┏━━

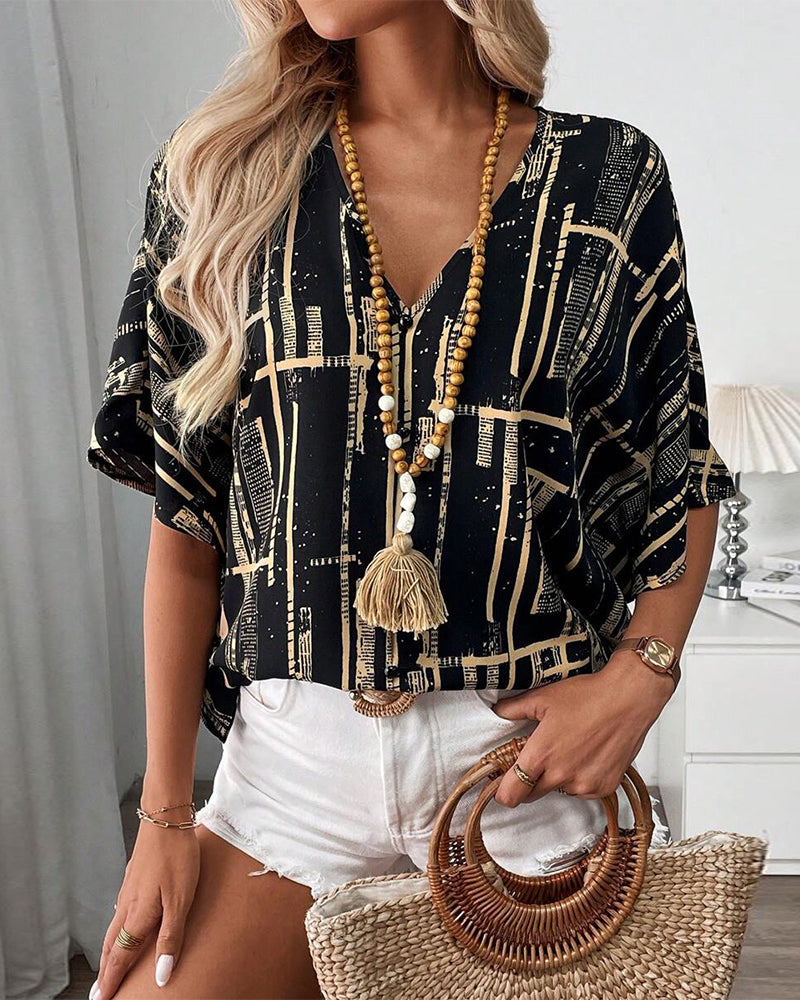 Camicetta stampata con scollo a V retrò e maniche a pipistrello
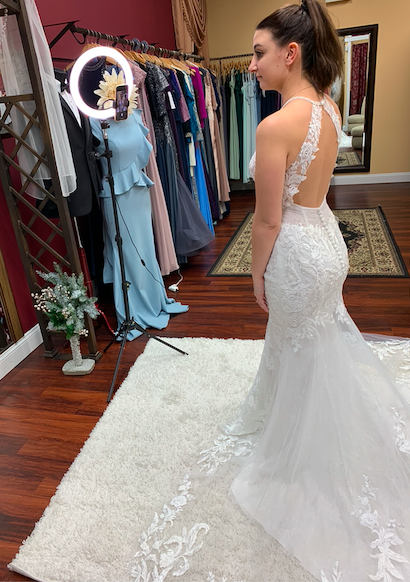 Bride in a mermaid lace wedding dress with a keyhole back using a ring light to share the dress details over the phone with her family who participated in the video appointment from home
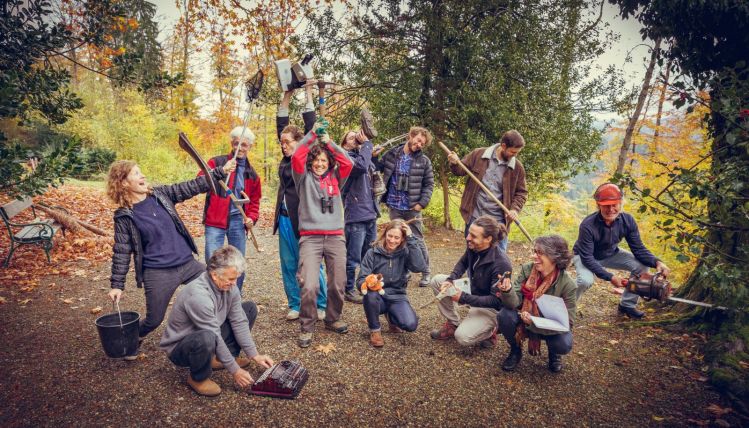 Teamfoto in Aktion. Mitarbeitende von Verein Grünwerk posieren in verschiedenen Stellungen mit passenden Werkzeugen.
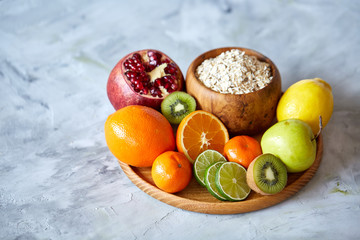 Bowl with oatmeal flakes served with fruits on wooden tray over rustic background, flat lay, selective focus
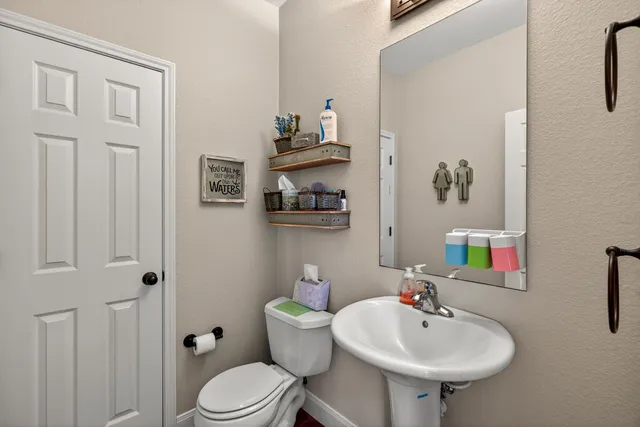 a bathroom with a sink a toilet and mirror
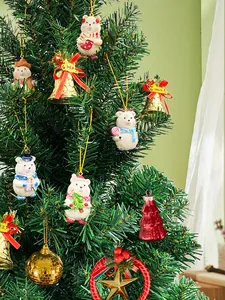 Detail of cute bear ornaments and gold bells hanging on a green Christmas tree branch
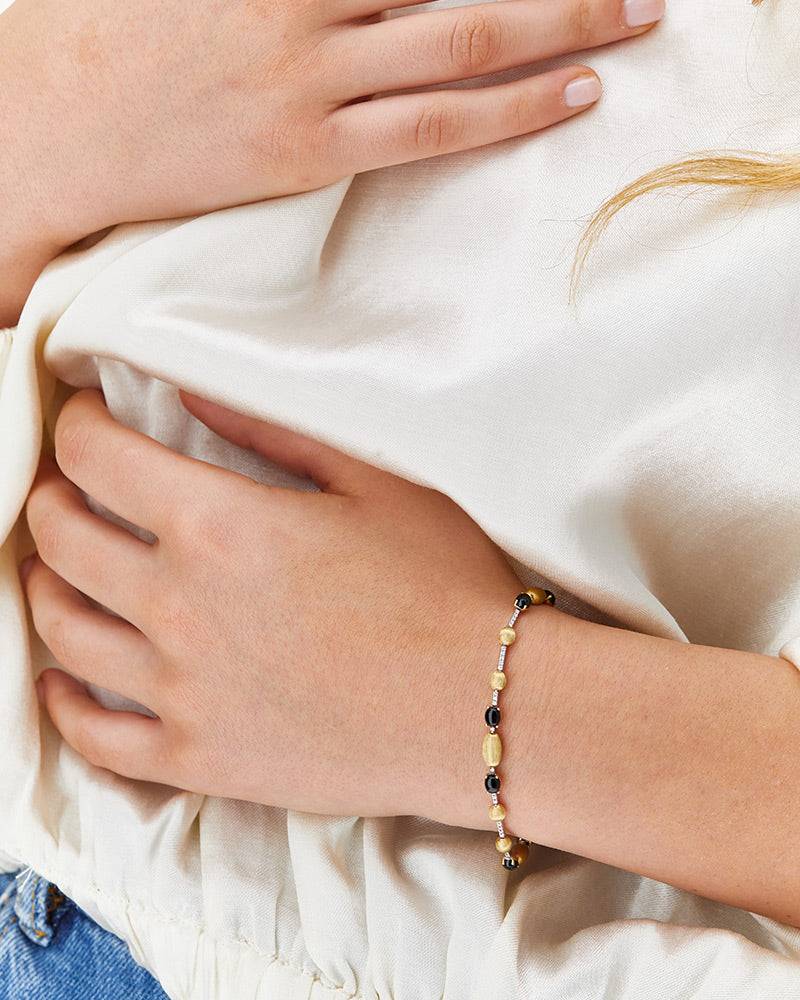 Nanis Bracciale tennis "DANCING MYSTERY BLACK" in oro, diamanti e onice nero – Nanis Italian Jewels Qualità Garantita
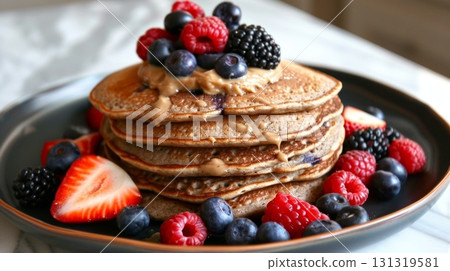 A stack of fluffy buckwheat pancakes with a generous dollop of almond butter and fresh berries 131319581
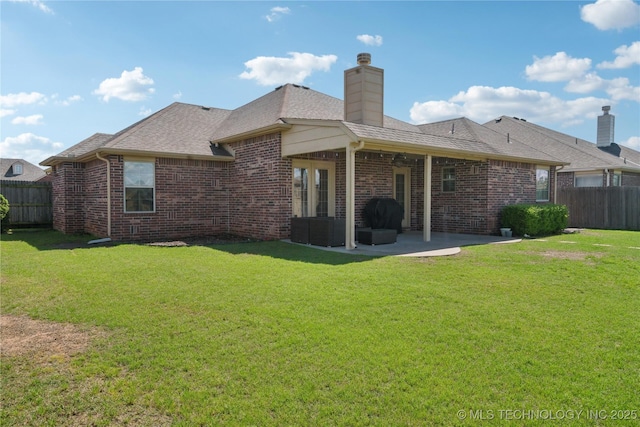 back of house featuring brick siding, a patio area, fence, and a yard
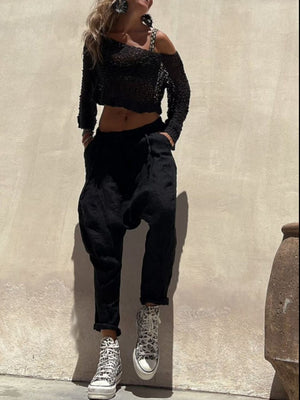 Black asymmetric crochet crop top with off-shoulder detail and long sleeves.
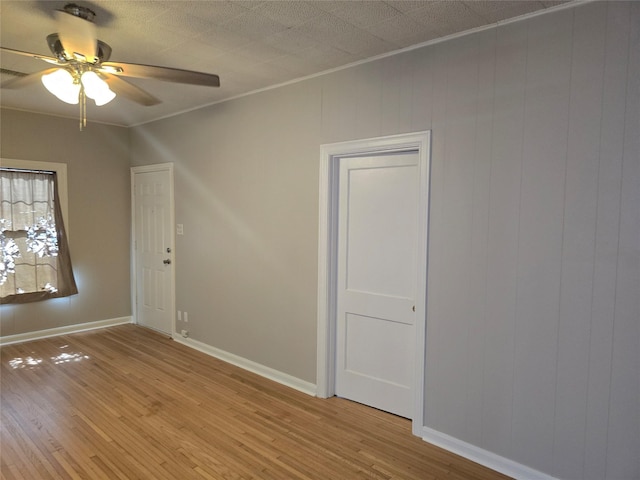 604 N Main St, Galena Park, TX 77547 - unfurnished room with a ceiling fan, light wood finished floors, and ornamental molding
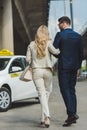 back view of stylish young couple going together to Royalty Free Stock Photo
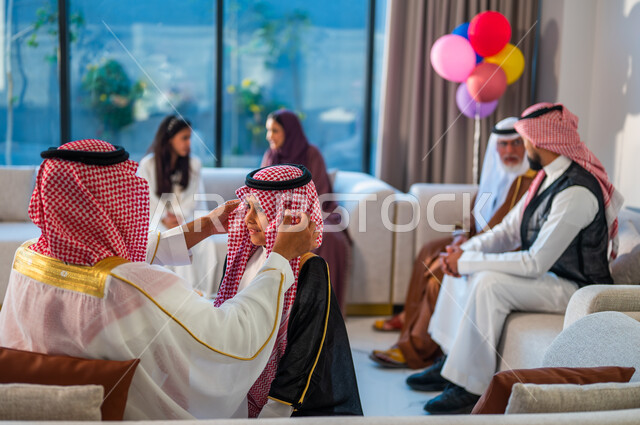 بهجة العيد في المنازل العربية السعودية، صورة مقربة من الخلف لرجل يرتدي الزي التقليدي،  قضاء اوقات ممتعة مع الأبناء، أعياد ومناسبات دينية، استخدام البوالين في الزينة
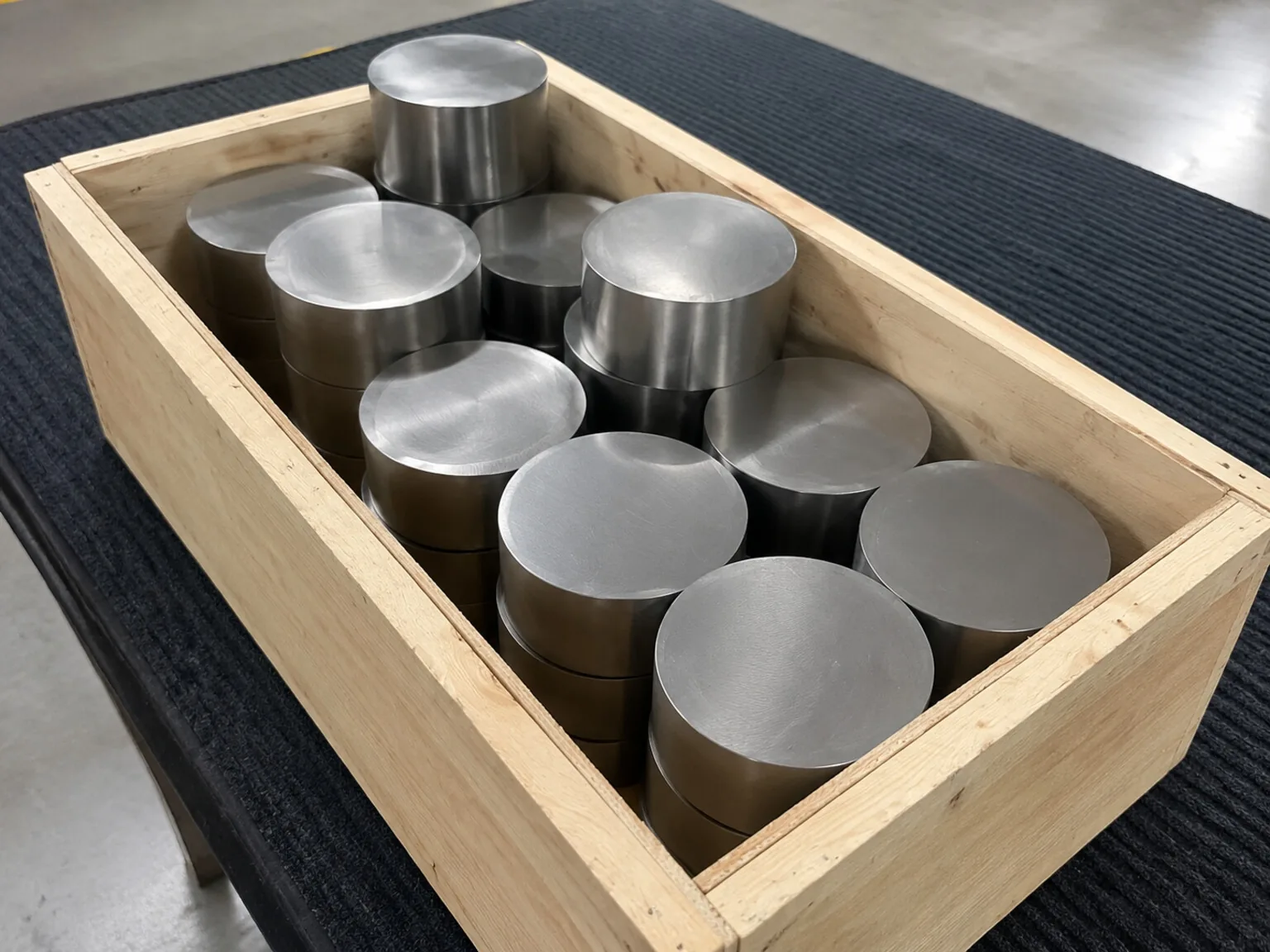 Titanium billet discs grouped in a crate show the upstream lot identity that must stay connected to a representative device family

┗━━

* What you have to do
Give back exactly the lines from the one that contains "Detail of cute" to the final line of the data above, both included, with all pictures removed.

* Exercise output
 Detail of cute bear ornaments and gold bells hanging on a green Christmas tree branch
 Nanis Bracciale tennis "DANCING MYSTERY BLACK" in oro, diamanti e onice nero – Nanis Italian Jewels Qualità Garantita
 A stack of fluffy buckwheat pancakes with a generous dollop of almond butter and fresh berries 131319581
 back of house featuring brick siding, a patio area, fence, and a yard
 Black asymmetric crochet crop top with off-shoulder detail and long sleeves.
 604 N Main St, Galena Park, TX 77547 - unfurnished room with a ceiling fan, light wood finished floors, and ornamental molding
 back view of stylish young couple going together to Royalty Free Stock Photo
 بهجة العيد في المنازل العربية السعودية، صورة مقربة من الخلف لرجل يرتدي الزي التقليدي،  قضاء اوقات ممتعة مع الأبناء، أعياد ومناسبات دينية، استخدام البوالين في الزينة
 Titanium billet discs grouped in a crate show the upstream lot identity that must stay connected to a representative device family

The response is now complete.